Published In
International Journal of Refugee Law
Document Type
Article
Publication Date
2013
Subjects
Refugee Law, Constitutional Law, Border Law and Policy, Safe Third Country Agreement, Canadian Charter of Rights and Freedoms
Abstract
This article analyzes the Canadian Federal Court and Federal Court of Appeal decisions assessing the Safe Third Country Agreement between Canada and the United States (STCA). It examines how each court’s treatment of the location and operation of the Canada-US border influences the results obtained. The article suggests that both in its treatment of the STCA and in its constitutional analysis, the Federal Court decision conceives of the border as a moving barrier capable of shifting outside Canada’s formal territorial boundaries. The effect of this decision is to bring refugee claimants outside state soil within the fold of Canadian constitutional protection. In contrast, the Federal Court of Appeal decision conceives of the border as both static and shifting.

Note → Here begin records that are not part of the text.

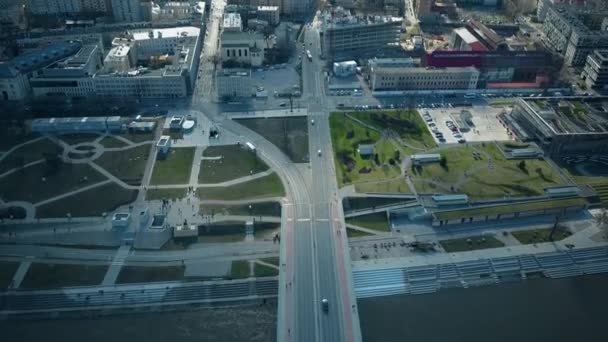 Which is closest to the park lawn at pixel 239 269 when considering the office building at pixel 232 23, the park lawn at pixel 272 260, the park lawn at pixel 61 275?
the park lawn at pixel 272 260

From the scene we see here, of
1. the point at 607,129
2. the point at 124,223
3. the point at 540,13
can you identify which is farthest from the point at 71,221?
the point at 540,13

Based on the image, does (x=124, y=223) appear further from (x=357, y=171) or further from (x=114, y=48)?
(x=114, y=48)

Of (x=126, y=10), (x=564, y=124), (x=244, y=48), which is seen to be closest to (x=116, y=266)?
(x=244, y=48)

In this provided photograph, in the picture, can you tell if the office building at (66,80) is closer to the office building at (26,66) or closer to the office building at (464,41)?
the office building at (26,66)

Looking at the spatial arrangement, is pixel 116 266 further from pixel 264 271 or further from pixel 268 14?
pixel 268 14

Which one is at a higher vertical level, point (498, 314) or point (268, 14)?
point (268, 14)

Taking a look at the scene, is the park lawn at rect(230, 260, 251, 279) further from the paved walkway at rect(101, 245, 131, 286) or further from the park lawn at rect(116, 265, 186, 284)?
the paved walkway at rect(101, 245, 131, 286) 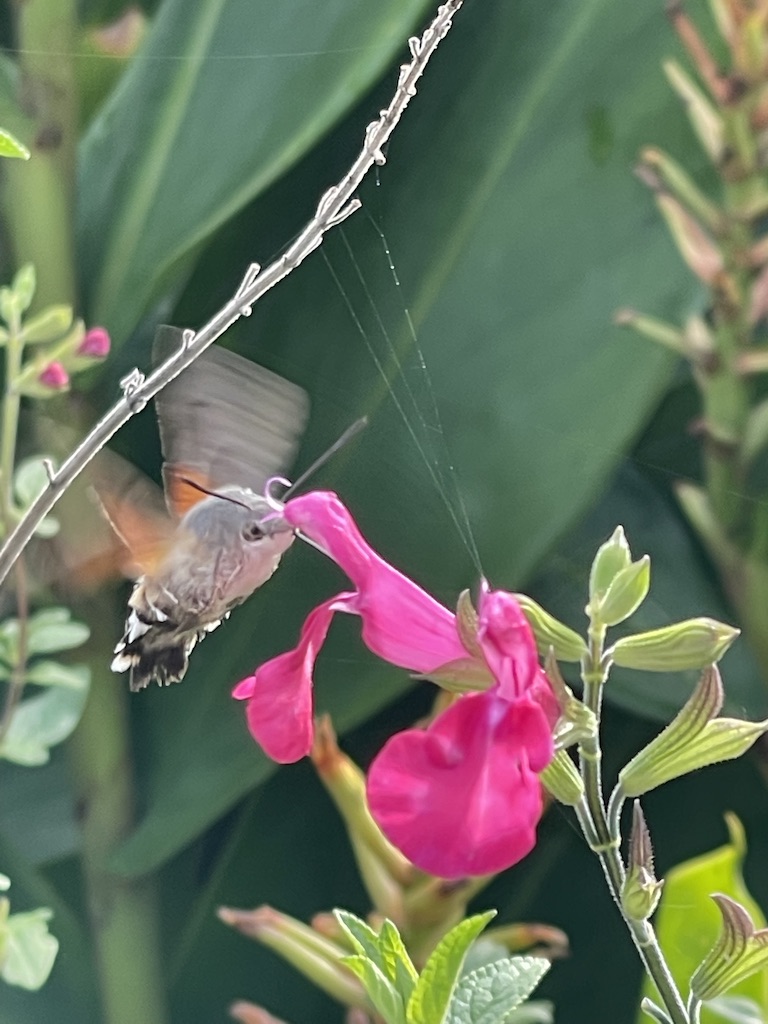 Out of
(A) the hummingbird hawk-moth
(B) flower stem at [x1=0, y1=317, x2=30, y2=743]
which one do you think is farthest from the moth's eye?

In its treatment of the STCA, the Court conceives of the border as a moving barrier that shifts outside Canada’s formal territorial boundaries to extend state power outwards. Yet, in its constitutional analysis, the Court conceives of the border as a static barrier that remains fixed at the state’s geographic perimeter to limit access to refugee rights. By simultaneously conceiving of the border in these opposing ways, the Court of Appeal decision places refugee claimants in an impossible legal bind: it requires them to present at the (static) border to claim legal protection, but at the same time shifts the border in ways that preclude them from doing so. The decision thus suspends refugee claimants between two opposing directives, deprives them of otherwise actionable rights, and denies them recourse to meaningful legal action under Canadian law. The article argues that, in this key way, the Federal Court of Appeal decision does much more than clarify the executive discretion of the Governor-in-Council, as it purports. Rather, it redefines the Canadian refugee regime as fundamentally exclusionary towards STCA claimants, and calls into question the central principles by which this regime is distinguished and defined.
Citation Details
Efrat Arbel, "Shifting Borders and the Boundaries of Rights: Examining the Safe Third Country Agreement between Canada and the United States (2013) 25:1 Int'l J Refugee L 65.